The first was a young woman from one of the most famous and prestigious schools in the nation. In fact, the school is also one of the most expensive, with tuition for day students close to $39K. It's a gorgeous place, with incredibly bright, well-credentialed faculty and students from very prestigious families. You'd recognize plenty of names from the alumni list. As I toured her around the school, she commented on many things that she found engaging. The warmth of the colors and artwork filling the building, and also of the interactions she saw between people. The spirit of our prayer wall. The incredible lab and teaching areas we have in our middle school science wing. The media center and our daily student broadcasts. A SmartBoard in every classroom. She may be moving to Dallas and is looking at schools that she finds attractive.
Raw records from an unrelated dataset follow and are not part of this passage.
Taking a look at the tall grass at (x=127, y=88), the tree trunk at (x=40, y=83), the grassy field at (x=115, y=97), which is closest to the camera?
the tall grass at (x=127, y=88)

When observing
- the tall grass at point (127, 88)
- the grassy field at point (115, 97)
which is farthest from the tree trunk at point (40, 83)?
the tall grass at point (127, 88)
The second was a young man in the Teach for America program. He told me about how he has 161 sixth-graders during the course of a day and how he tries to differentiate instruction as much as he can so they learn to read. Out of all those kids, only 20 parents showed up on meet-the-teacher night. If he calls a home, the automatic response is fear about what the child has done wrong. He has several conversations each week trying to convince students not to drop out as soon as they can. He tries to inspire them with stories of positive role models. Sadly, this idealistic, talented young person may leave teaching because of his circumstances. After spending some time here, he is thinking about looking for a position in the independent school world.
Both these people reminded me of some of the many reasons why this school is special. They helped me to recall anew why I joined this community. Yes, there is plenty of work to be done, various enhancements and changes to be made over the next however many years. After all, we can never stop improving. Yet at the same time, we must take caution not to lose our soul. As I see my role, it is not to turn this school into my ideosyncratic notion of the "perfect" school. Instead, it is to help this school become the very best possible version of itself. In the best cases, those notions match.
There is, as I alluded to in the paragraph on budgetting, something parental about being a head of school. About teaching, for that matter. The endless and exhausting work of parenting and education both are re-fueled by love, by dreams, by the art of possibility. We see those young people, and it's hard not to imagine who they might become. But it's also vital--for us and for them--that we celebrate who they are right now.